In primo luogo, Gesù è luce che risplende in mezzo alle tenebre, sfolgorio che desideriamo che risplenda nel nostro comportamento. Per ricevere questa luce di Cristo, dobbiamo aprire gli occhi dell’anima e renderli puliti con il collirio dei sacramenti. «Ut videam, ut videamus, ut videant!», ci invitava a ripetere san Josemaría: che il nostro sguardo limpido renda limpida la vita di molti altri.
In secondo luogo, Gesù è cibo dell’anima. Nel pronunciare il suo Nome la nostra anima si riempie di gioia. «Leggere mi infastidisce, se non leggo il nome di Gesù – continua san Bernardo –. Il parlare mi disgusta, se non si parla di Gesù. Gesù è miele in bocca, melodia negli orecchi, gioia nel cuore»[4].
Infine, il suo prezioso nome è medicina per la nostra debolezza. «Niente è meglio per contenere l’impeto dell’ira, abbattere il gonfiarsi dell’orgoglio, curare la piaga dell’invidia, contenere gli attacchi della lussuria, spegnere il fuoco della concupiscenza, calmare la sete dell’avarizia e sconfiggere i desideri disordinati»[5]. In occasione di questa festa, possiamo chiedere allo Spirito Santo che sparga questo olio nei nostri cuori, sulle nostre labbra e nelle nostre opere. Così ci uniremo al salmista che nella liturgia odierna recita: «O Signore, Signore nostro, quanto è mirabile il tuo nome su tutta la terra!» (Sal 8,1).

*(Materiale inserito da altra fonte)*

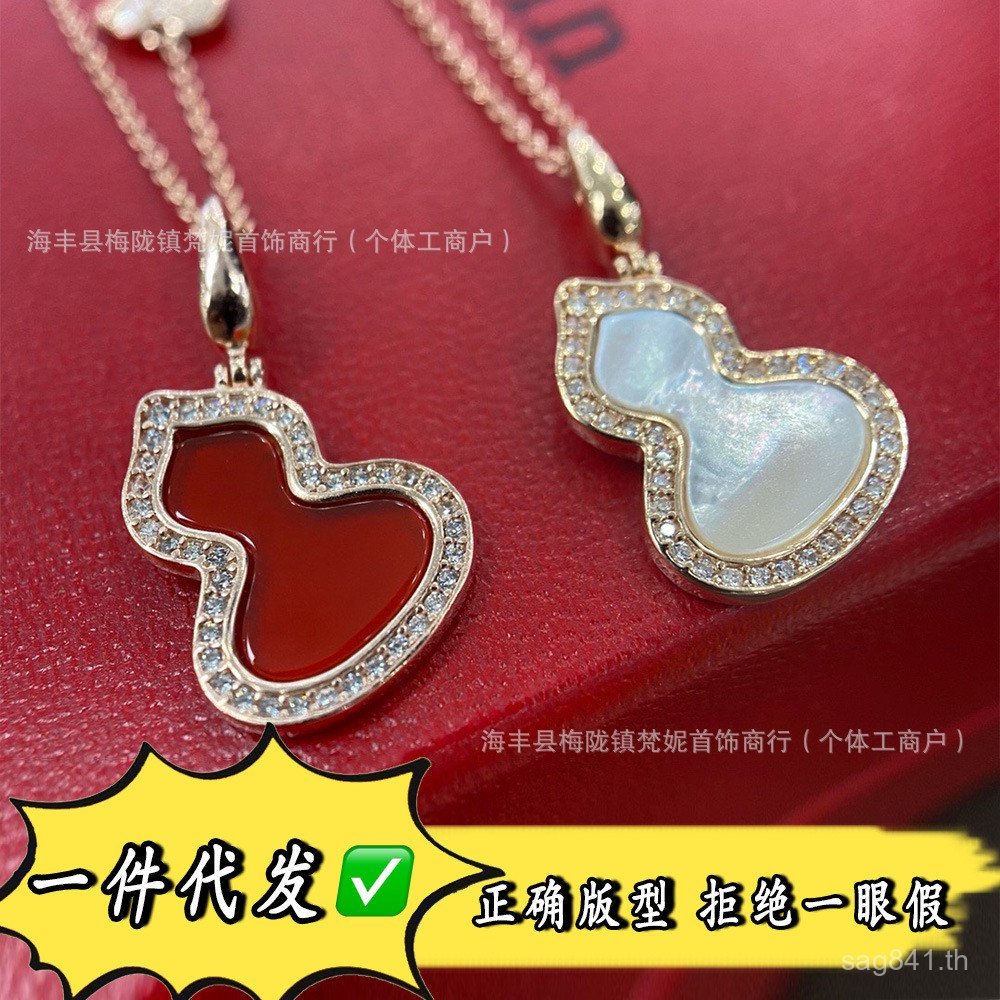 สร้อยคอมะระสีขาว งานเงินฝังมุกและเคลือบทอง ขนาดใหญ่สำหรับ 여성 โดย Kitty 3TLN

Pregare nel suo nome e portarlo in ogni luogo
«In verità, in verità io vi dico: se chiederete qualche cosa al Padre nel mio nome, egli ve la darà. Finora non avete chiesto nulla nel mio nome. Chiedete e otterrete, perché la vostra gioia sia piena» (Gv 16,23-24). In questa maniera il Signore incoraggiava gli apostoli alla vigilia della sua passione. Fiduciosi nella parola stessa del Signore, possiamo invocare spesso il suo nome. Come diceva santa Teresa: «Guardiamo il glorioso san Paolo che sembra avesse continuamente sulle labbra il nome di Gesù, in quanto lo portava infisso nel cuore»[6].
San Josemaría, a sua volta, ci ha insegnato una bellissima giaculatoria: «Iesu, Iesu, esto mihi semper Iesus!»: “Gesù, Gesù, sii per me sempre Gesù”. Se la ripetiamo frequentemente, beneficeremo dei suoi effetti, soprattutto quando ci sentiamo tristi, preoccupati o stanchi. «Io lo chiamo semplicemente Gesù, senza timore», diceva. «Qui, vicino al Tabernacolo, non mi vergogno di invocarlo con il suo nome. Figlio mio, digli pure tu che lo ami, che lo amerai sempre. Ogni volta di più!»[7]. La nostra missione – missione di semplici cristiani – è diffondere la fragranza di questo nome a coloro che ci sono intorno.
«Questo nome dev’essere reso pubblico affinché brilli, non deve restare nascosto. Non può essere predicato con un cuore macchiato o con una bocca impura, ma dev’essere posto e mostrato in una coppa splendida»[8], continuava san Bernardino. Il sacerdozio regale – sigillo divino del Battesimo e della Confermazione – «ci rende capaci di portare il nome di Cristo in tutti gli ambienti nei quali gli uomini lavorano e vivono. Ma non dimenticate che l’apostolato, affinchè sia veramente efficace, deve avere fondamento in una unione profonda, abituale, quotidiana, con Gesù Cristo Nostro Signore»[9].
Con quale accento e con quanta tenerezza sarà risuonato il nome di Gesù sulle labbra di sua Madre e di san Giuseppe! Supplichiamoli con fiducia che ci ricordino il suo nome benedetto per averlo sempre nel nostro cuore.